Quote word for word the lines below, beginning with the first and ending with the one that has "Продам рельсы 4 штуки по 6 метров и трубы". Drop the pictures.

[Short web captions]
════════════════════

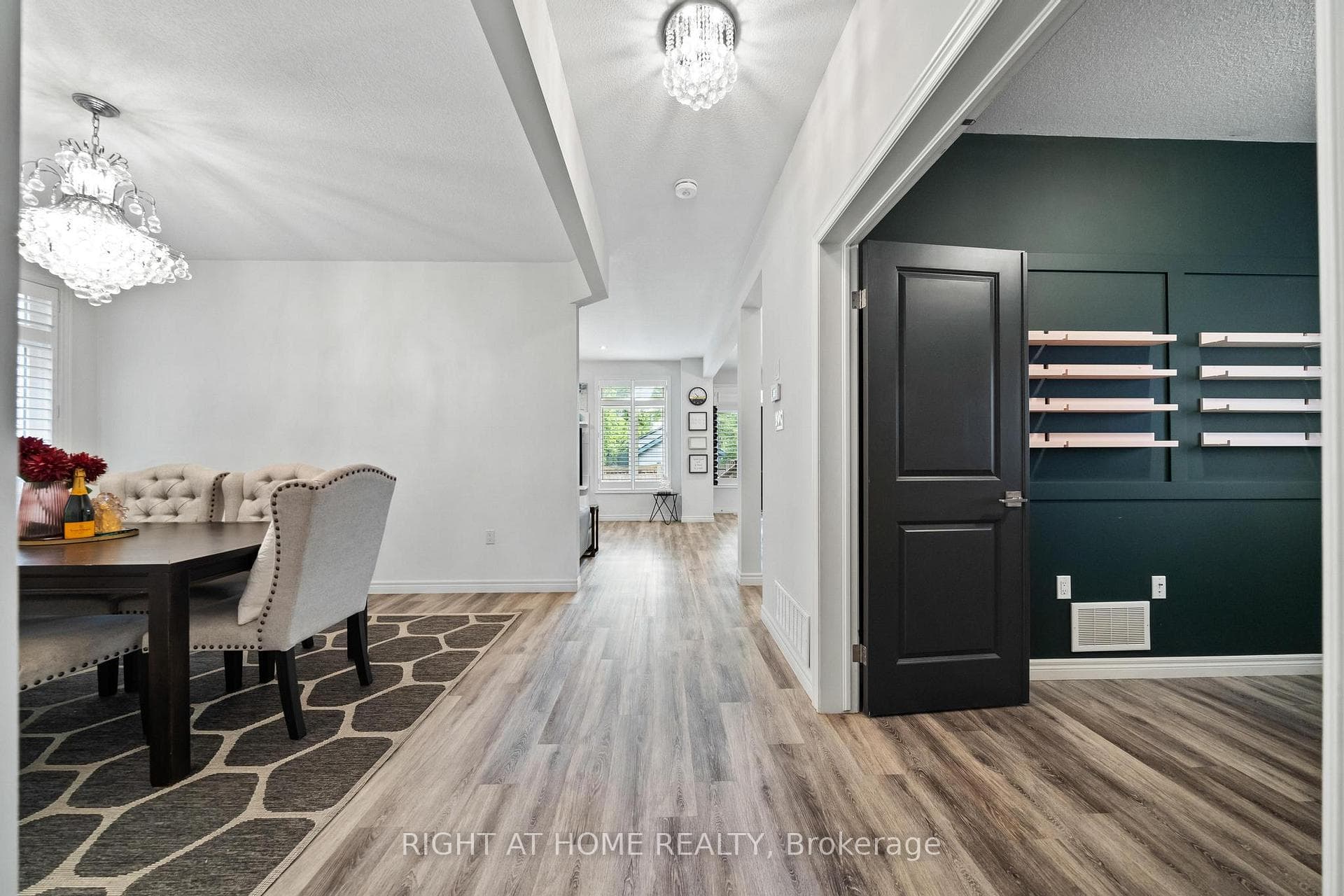 137 Dennis Drive photo 9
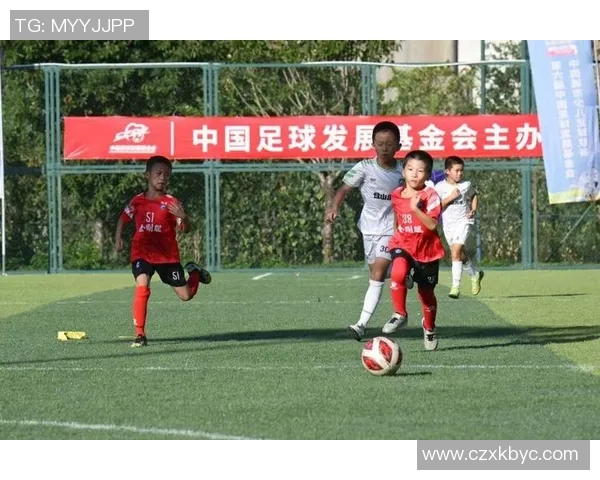 成都足球队荣登全国足球比赛经验排行榜第四名引发热议 成都足球队荣登全国足球比赛经验排行榜第四名引发热议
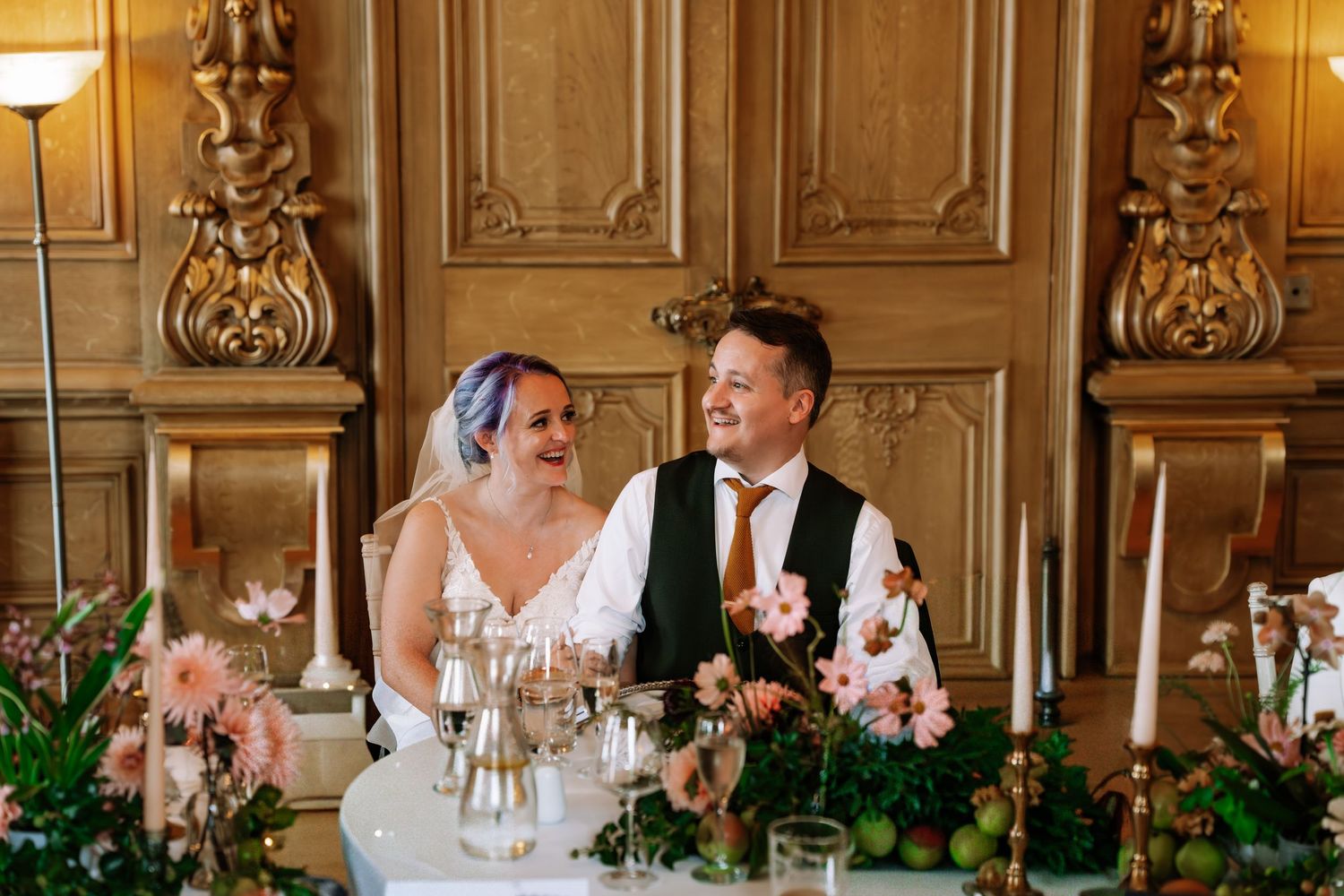 Harlaxton Manor wedding photographer. Harlaxton Manor wedding photographer. Halaxton Manor wedding.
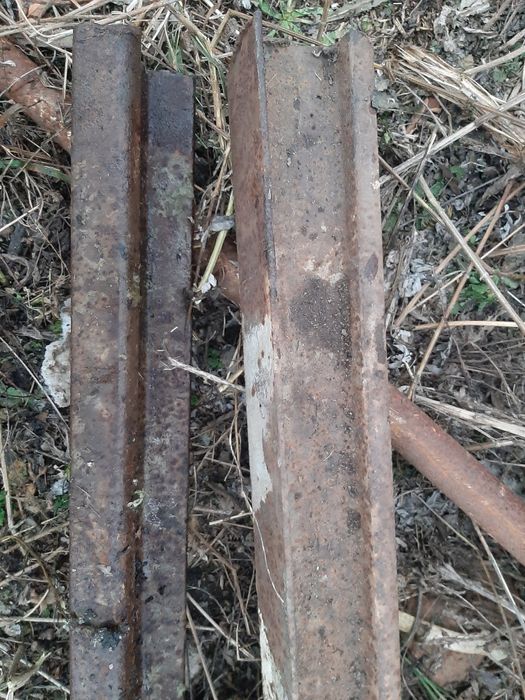 Продам рельсы 4 штуки по 6 метров и трубы
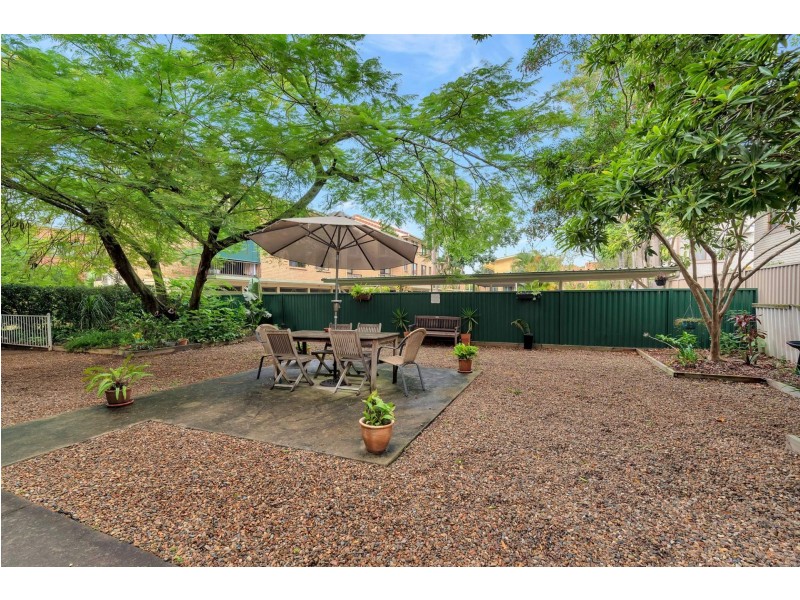 4/34 Imperial Parade, Labrador QLD 4215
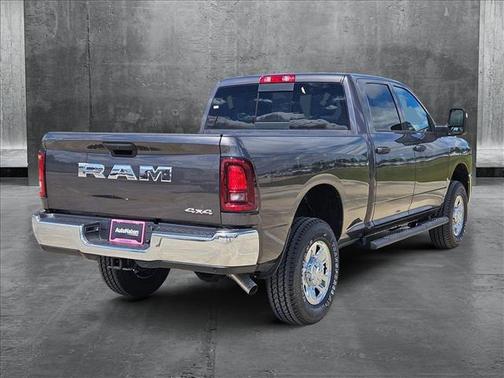 2025 RAM 2500 Tradesman Crew Cab 4x4 6'4' Box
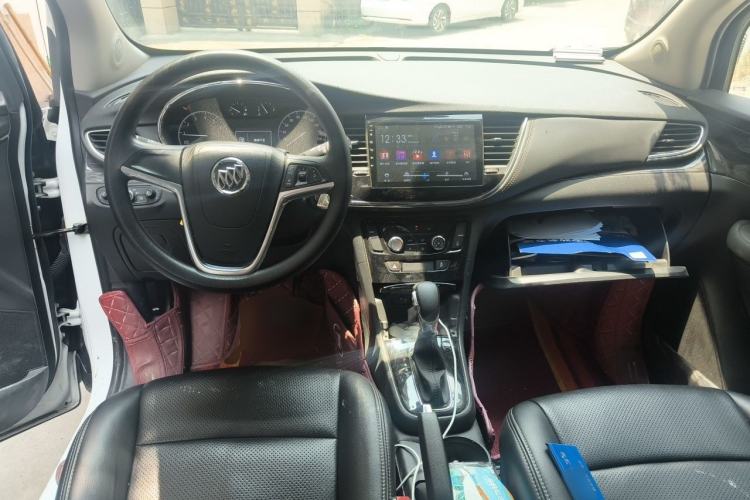 Used Buick Encore 2017 18T Automatic Two-Wheel Drive Urban Leading Model Center Console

════════════════════

Task output
 137 Dennis Drive photo 9
 成都足球队荣登全国足球比赛经验排行榜第四名引发热议 成都足球队荣登全国足球比赛经验排行榜第四名引发热议
 Harlaxton Manor wedding photographer. Harlaxton Manor wedding photographer. Halaxton Manor wedding.
 Продам рельсы 4 штуки по 6 метров и трубы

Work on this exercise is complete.